From the available evidence, it seems likely that the standing stone monument was constructed during the Late Neolithic / Early Bronze Age and is thus broadly contemporary with the lithic evidence recovered. The Charterhouse standing stone is relatively small compared to other examples in the SW of England. However, smaller, less conspicuous standing stones of a similar height are known. The Charterhouse standing stone has an overall length of c. 0.85m and would have stood c. 0.45m above ground. Although singular standing stones, stone settings, stone rows and stone circles are fairly common throughout SW Britain, they are notably absent on the Mendip plateau.
The presence of a spread of stone and earth / turf surrounding the standing stone is a notable discovery. It is possible that this spread represents a platform-like structure acting to delineate the stone with respect to the immediate landscape, perhaps in an act of veneration and / or simply as a device to enhance the physical presence of the stone. However, as is the case with respect to much prehistoric monument construction, this process did not necessarily occur as a single event. The three phases identified in the construction of the standing stone and its associated spread of stone and earth / turf with a final stone setting may indeed mark particular events in the monument’s history.

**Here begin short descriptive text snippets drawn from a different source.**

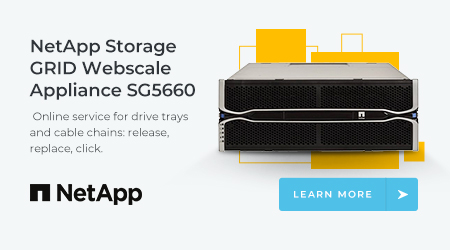 NetApp Storage GRID Webscale Appliance SG5660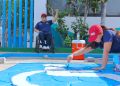 RECUPERAN Y PINTAN ESPACIOS AZULES EN LOS CABOS PARA PROMOVER MOVILIDAD INCLUYENTE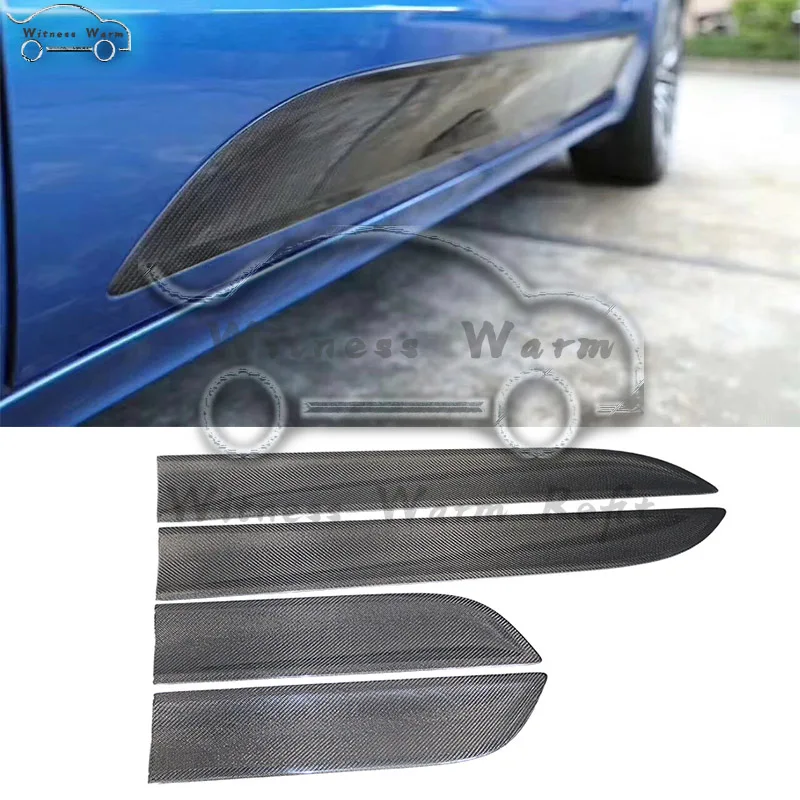 4 шт./компл. декоративные наклейки из углеродного волокна для боковой дверной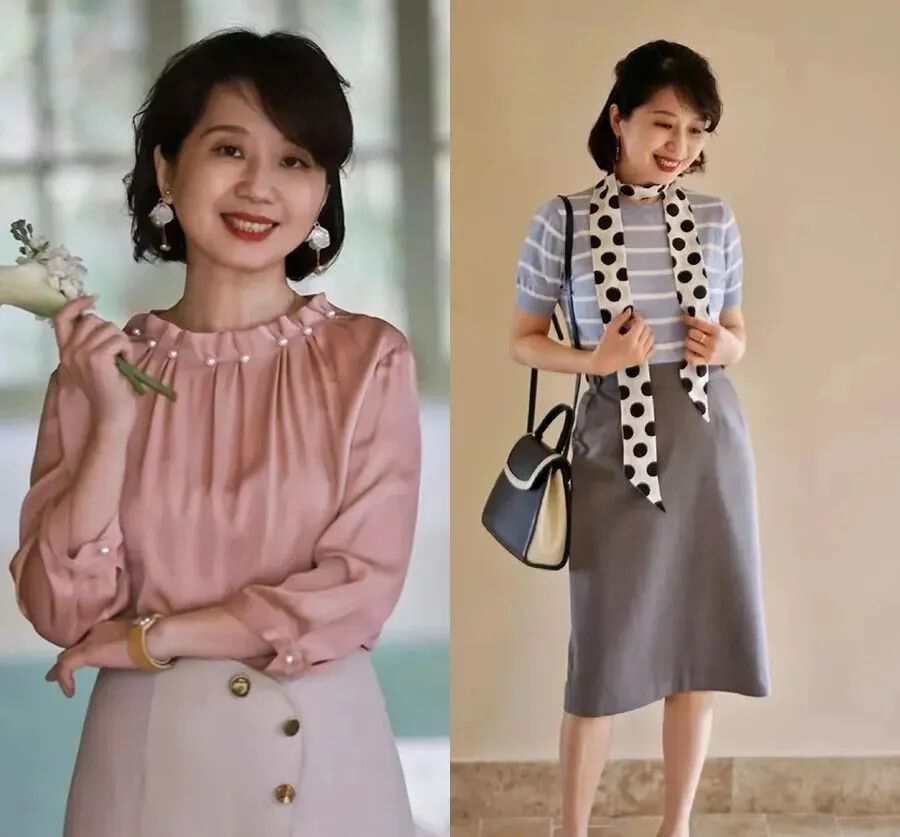 女人过了四十岁别总穿一身黑,女人过了40岁就别穿的太老气了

The Charterhouse standing stone occupies a prominent position on the edge of a small promontory before the hillside descends steeply to the N. From a landscape perspective, it is overlooked by the Early Bronze Age Beacon Batch barrow cemetery to the W and is located a short distance from the Late Neolithic Gorsey Bigbury henge monument and the probable henge monument at Rains Batch (Roman amphitheatre). The Late Neolithic and Early Bronze Age Mendip landscape is considered to have been of particular ritual significance and it is not surprising that this monument type occurs here.